[Directions for this task]
Print the listing in its entirety and exactly, leaving out images.

[Task data]
────────────────────────────────────────

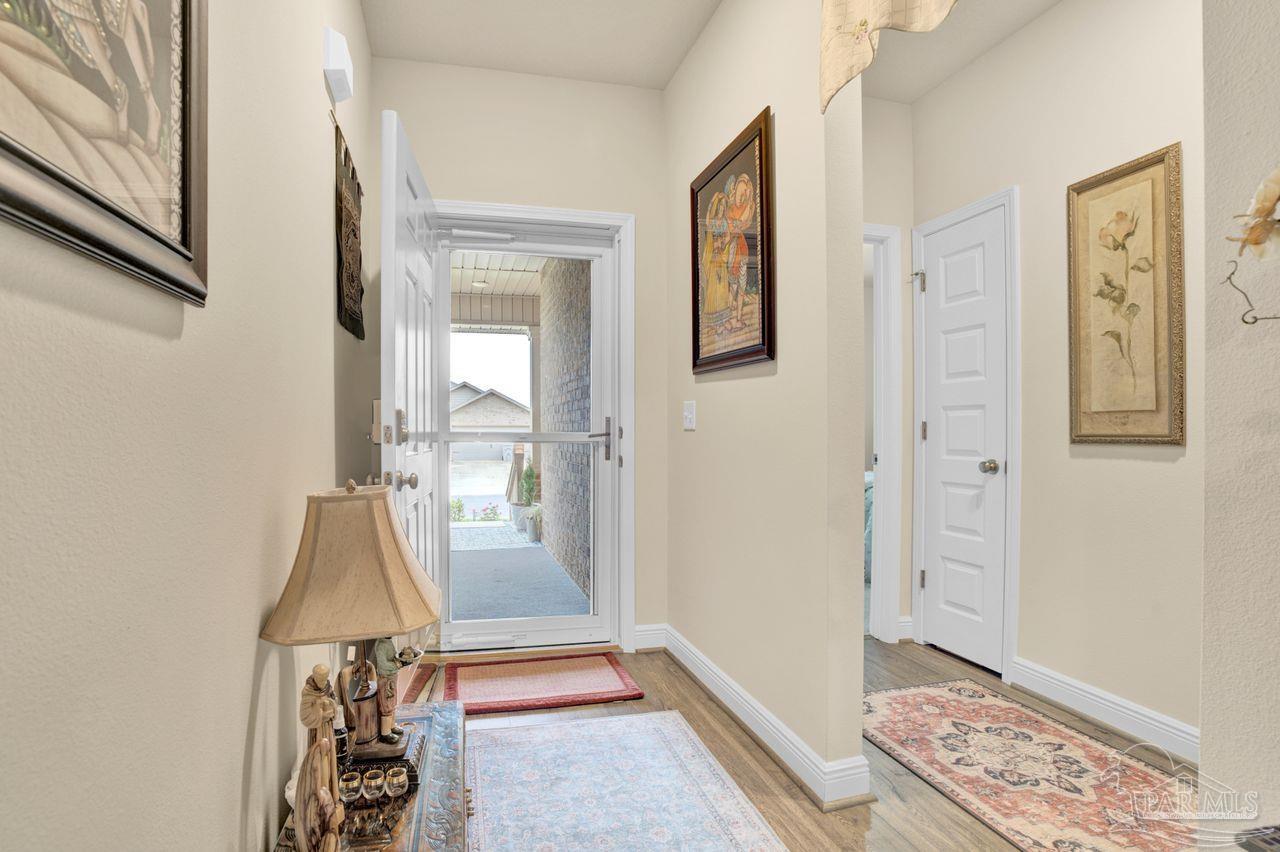 5364 Red Shoulder Road Pace, FL 32571 - Photo 10 of 46 a view of an entryway with wooden floor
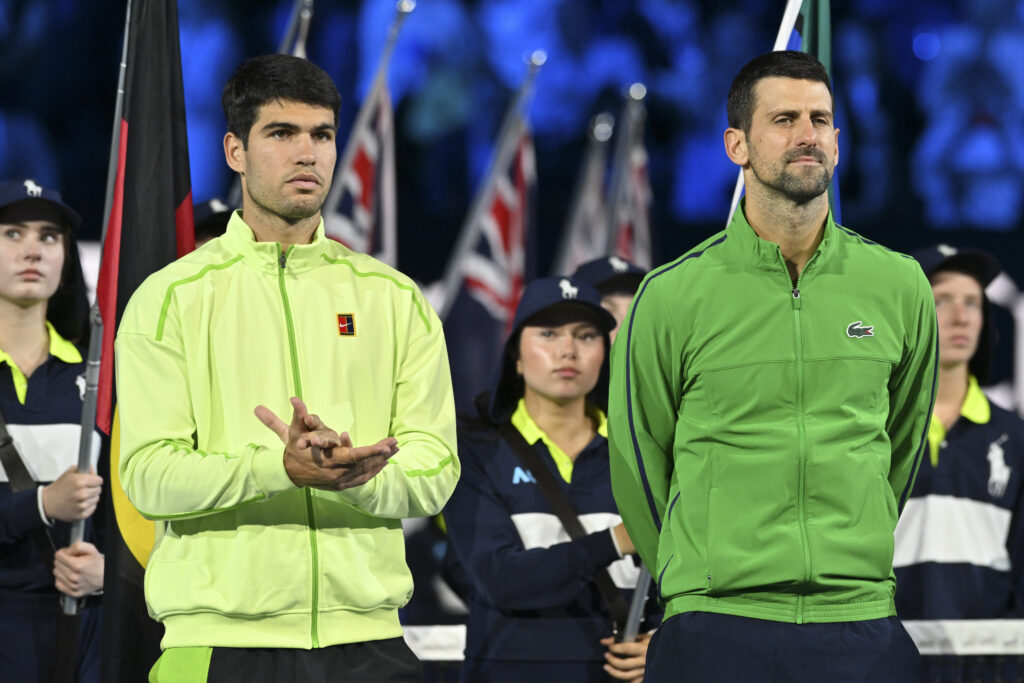Spain's Carlos Alcaraz and Serbia's Novak Djokovic during speeches at the end of the mens final Day 15 of the Australian Open. tennis tournament in Melbourne on February 01, 2026.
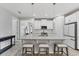 Bright kitchen featuring a large center island with pendant lighting and modern white cabinetry at 11240 Spring Gate Trl, Bradenton, FL 34211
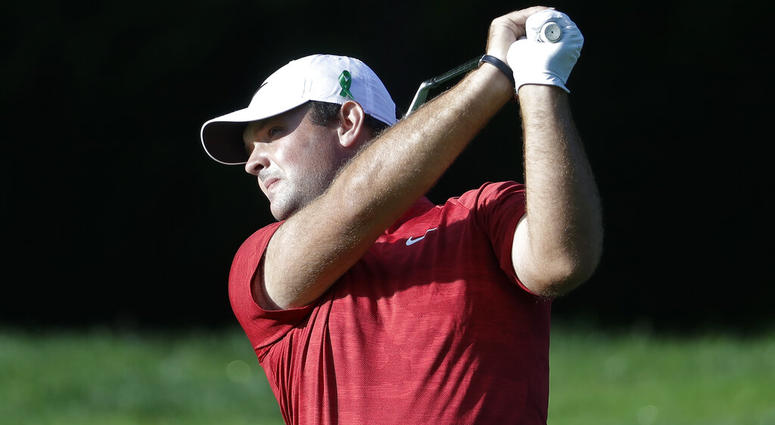 Patrick Reed wears a green ribbon on his hat in support of the victims of the University of North Carolina-Charlotte shooting AP DO NOT USE
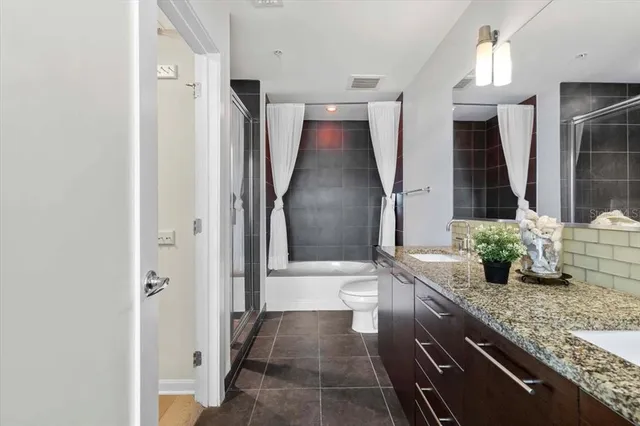 a bathroom with a granite countertop sink a toilet and shower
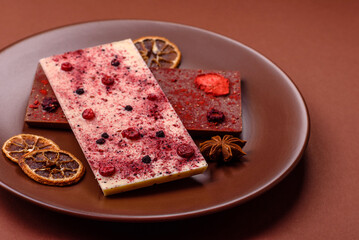 Bar sweet craft artisan chocolate with dried fruits made at home. Craft chocolate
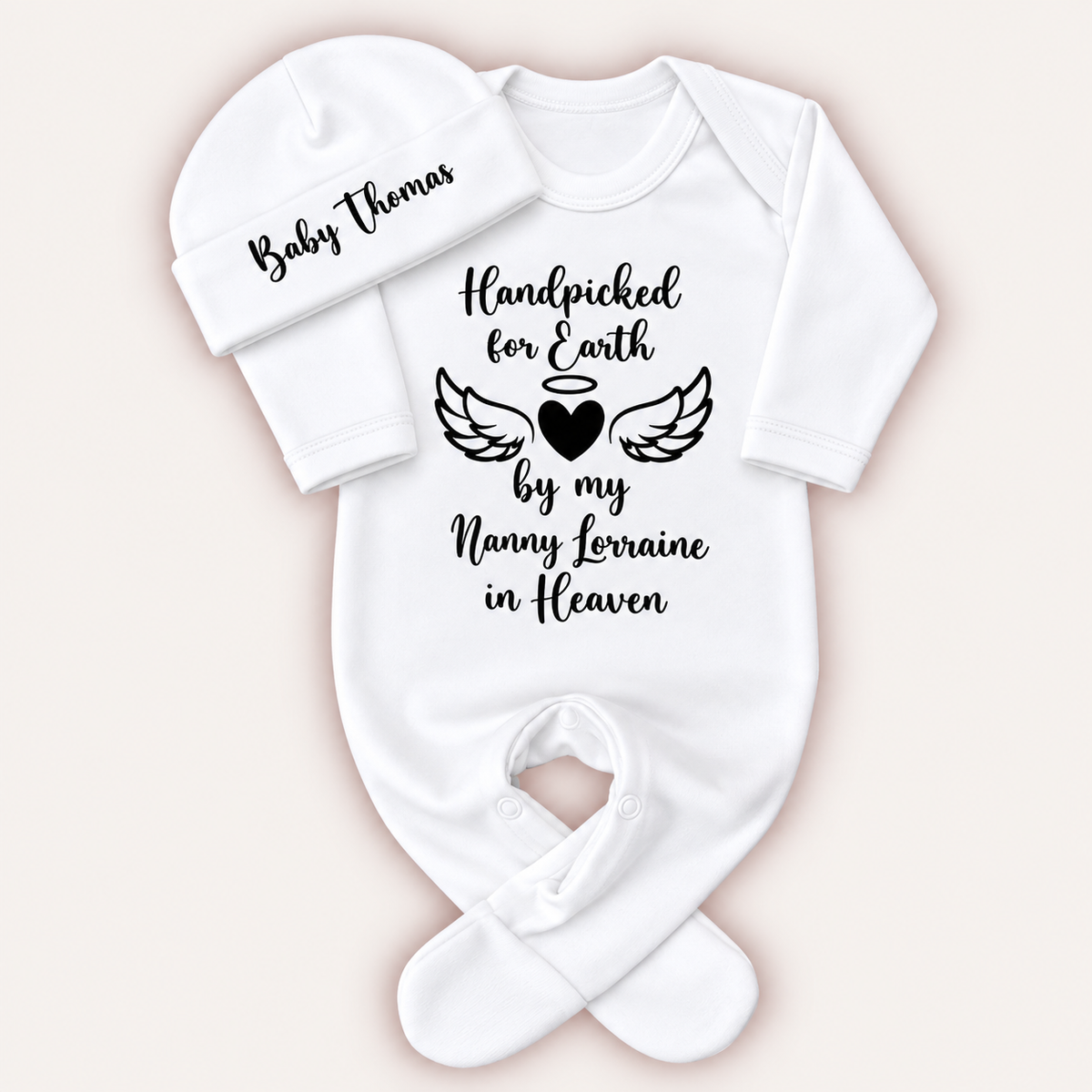 White personalised Handpicked For Earth baby grow and hat with black angel wings and heart memorial design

────────────────────────────────────────

[Exercise response]
 5364 Red Shoulder Road Pace, FL 32571 - Photo 10 of 46 a view of an entryway with wooden floor
Spain's Carlos Alcaraz and Serbia's Novak Djokovic during speeches at the end of the mens final Day 15 of the Australian Open. tennis tournament in Melbourne on February 01, 2026.
 Bright kitchen featuring a large center island with pendant lighting and modern white cabinetry at 11240 Spring Gate Trl, Bradenton, FL 34211
 Patrick Reed wears a green ribbon on his hat in support of the victims of the University of North Carolina-Charlotte shooting AP DO NOT USE
 a bathroom with a granite countertop sink a toilet and shower
 Bar sweet craft artisan chocolate with dried fruits made at home. Craft chocolate
 White personalised Handpicked For Earth baby grow and hat with black angel wings and heart memorial design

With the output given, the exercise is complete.